■ Excerpted records ■
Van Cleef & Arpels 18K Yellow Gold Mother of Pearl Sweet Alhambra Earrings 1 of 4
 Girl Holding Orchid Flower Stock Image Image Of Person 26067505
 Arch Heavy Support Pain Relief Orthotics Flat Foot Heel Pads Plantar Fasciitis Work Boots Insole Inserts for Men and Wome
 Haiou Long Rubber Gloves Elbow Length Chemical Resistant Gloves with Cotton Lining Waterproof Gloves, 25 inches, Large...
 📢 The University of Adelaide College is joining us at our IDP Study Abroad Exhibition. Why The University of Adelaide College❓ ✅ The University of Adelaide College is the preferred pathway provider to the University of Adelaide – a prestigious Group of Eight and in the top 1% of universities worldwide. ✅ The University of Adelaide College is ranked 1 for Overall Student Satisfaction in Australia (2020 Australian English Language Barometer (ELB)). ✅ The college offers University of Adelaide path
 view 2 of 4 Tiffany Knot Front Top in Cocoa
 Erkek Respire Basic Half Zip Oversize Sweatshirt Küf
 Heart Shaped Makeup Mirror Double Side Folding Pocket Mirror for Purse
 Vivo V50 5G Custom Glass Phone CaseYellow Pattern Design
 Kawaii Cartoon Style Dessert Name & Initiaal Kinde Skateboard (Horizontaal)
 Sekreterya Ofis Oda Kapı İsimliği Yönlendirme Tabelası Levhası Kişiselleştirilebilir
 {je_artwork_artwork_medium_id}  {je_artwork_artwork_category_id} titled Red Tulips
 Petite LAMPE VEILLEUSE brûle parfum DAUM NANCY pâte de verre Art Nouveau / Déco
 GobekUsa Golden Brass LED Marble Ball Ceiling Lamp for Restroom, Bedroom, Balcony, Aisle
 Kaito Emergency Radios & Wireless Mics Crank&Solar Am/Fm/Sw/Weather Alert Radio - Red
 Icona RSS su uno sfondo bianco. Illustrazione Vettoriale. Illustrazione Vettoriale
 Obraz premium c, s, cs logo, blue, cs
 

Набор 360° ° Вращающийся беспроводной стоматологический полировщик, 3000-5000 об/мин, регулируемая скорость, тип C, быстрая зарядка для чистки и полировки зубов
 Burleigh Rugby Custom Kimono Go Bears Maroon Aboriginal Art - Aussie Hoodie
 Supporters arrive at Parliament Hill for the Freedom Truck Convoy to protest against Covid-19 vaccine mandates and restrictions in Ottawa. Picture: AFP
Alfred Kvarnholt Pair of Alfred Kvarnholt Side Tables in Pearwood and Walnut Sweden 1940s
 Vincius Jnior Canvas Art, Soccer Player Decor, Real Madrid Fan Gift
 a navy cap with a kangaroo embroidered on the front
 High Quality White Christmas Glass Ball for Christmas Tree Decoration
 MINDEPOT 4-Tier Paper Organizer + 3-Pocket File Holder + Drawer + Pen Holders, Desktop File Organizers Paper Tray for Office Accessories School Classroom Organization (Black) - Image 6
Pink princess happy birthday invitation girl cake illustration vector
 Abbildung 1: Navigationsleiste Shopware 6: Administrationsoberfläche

■ Problem description ■
Set down, exactly and without anything extra, every line from the one that contains "Kaito Emergency Radios" through the final line of the material.

■ Response ■
 Kaito Emergency Radios & Wireless Mics Crank&Solar Am/Fm/Sw/Weather Alert Radio - Red
 Icona RSS su uno sfondo bianco. Illustrazione Vettoriale. Illustrazione Vettoriale
 Obraz premium c, s, cs logo, blue, cs
 

Набор 360° ° Вращающийся беспроводной стоматологический полировщик, 3000-5000 об/мин, регулируемая скорость, тип C, быстрая зарядка для чистки и полировки зубов
 Burleigh Rugby Custom Kimono Go Bears Maroon Aboriginal Art - Aussie Hoodie
 Supporters arrive at Parliament Hill for the Freedom Truck Convoy to protest against Covid-19 vaccine mandates and restrictions in Ottawa. Picture: AFP
Alfred Kvarnholt Pair of Alfred Kvarnholt Side Tables in Pearwood and Walnut Sweden 1940s
 Vincius Jnior Canvas Art, Soccer Player Decor, Real Madrid Fan Gift
 a navy cap with a kangaroo embroidered on the front
 High Quality White Christmas Glass Ball for Christmas Tree Decoration
 MINDEPOT 4-Tier Paper Organizer + 3-Pocket File Holder + Drawer + Pen Holders, Desktop File Organizers Paper Tray for Office Accessories School Classroom Organization (Black) - Image 6
Pink princess happy birthday invitation girl cake illustration vector
 Abbildung 1: Navigationsleiste Shopware 6: Administrationsoberfläche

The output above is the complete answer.